Tuesday, June 16, 2009

West African Militias

As the recent assassination of leading politicians in Guinea Bissau illustrates, militias are a problem in West African society.

John Emeka Akude, in Recipe For Strife explores the factors that have caused militias to play such a major role in West Africa.


Under the new international dispensation, it is no longer necessary to control an entire state in order to exploit natural resources. It is enough to have access to the commodities in question. Some strongmen who lost state-guaranteed privileges turned to attacking states’ resource bases. Precious stones, gold, iron ore and even timber are lucrative resources on the world market. Those who sell them – whether legally so or not – make good incomes.
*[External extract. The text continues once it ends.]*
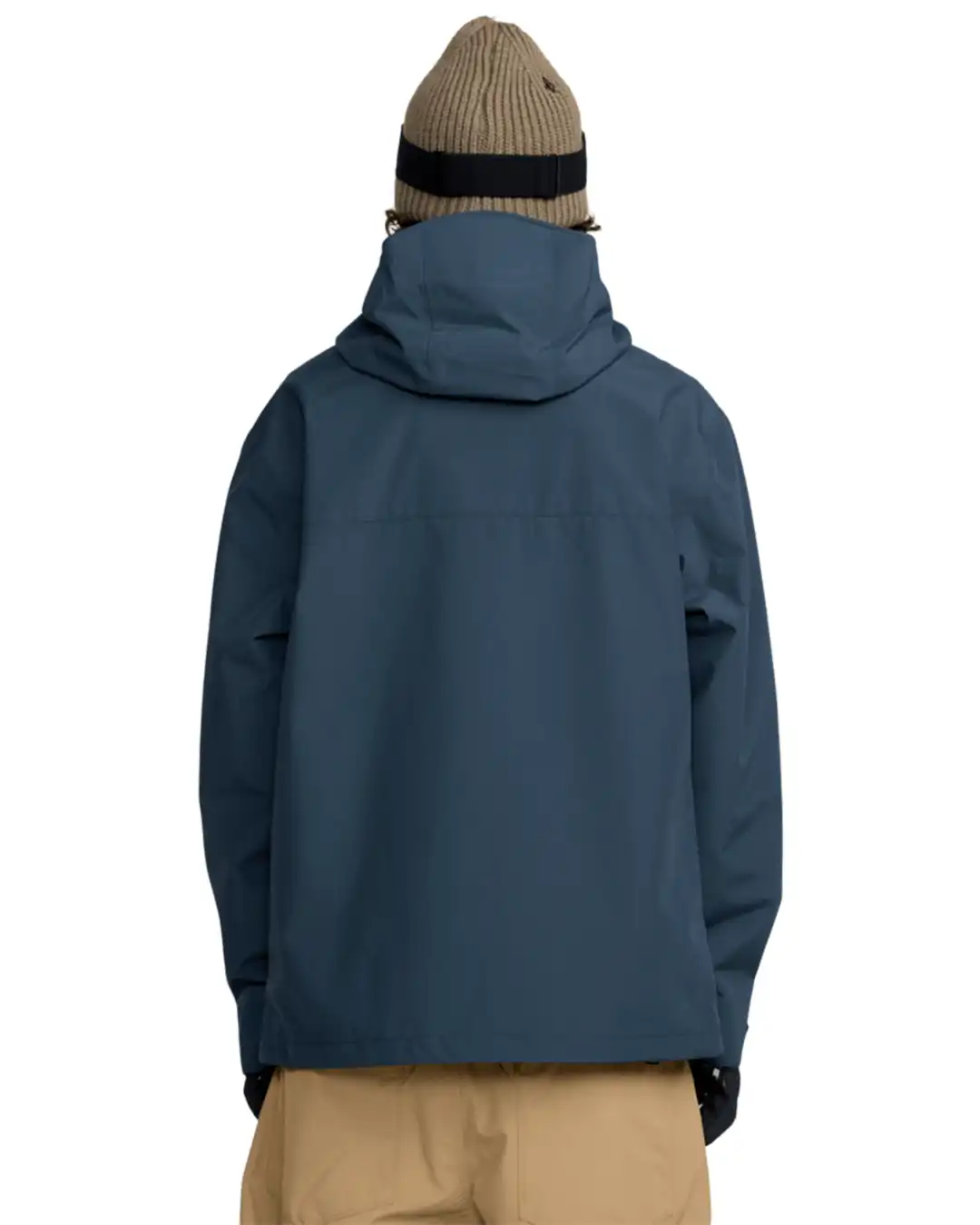 Buckthreeeighty Winter Jacket - Deep Blue - Image 2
As state institutions became redundant, however, employment in the public sector began to dwindle. The number of alienated youth rose astronomically. Even many educated young men no longer had a perspective of steady employment. Youth unemployment in West Africa today is about 50 % (UNOWA 2006: iv). For most of the affected, the choices are
– armed robbery,
– joining a militia,
– smuggling cocaine to the West, or
– embarking on a dangerous journey to Europe across the Mediterranean with shanty boats.

It is easy for members of the disgruntled elite to recruit the unemployed as foot soldiers. Militia leaders can thrive on the global trade in conflict resources, while their rank and file terrorise societies. In an ironic twist, spreading violence boosts the standing and credibility of warlords, as they can offer a sense of security to those loyal to them.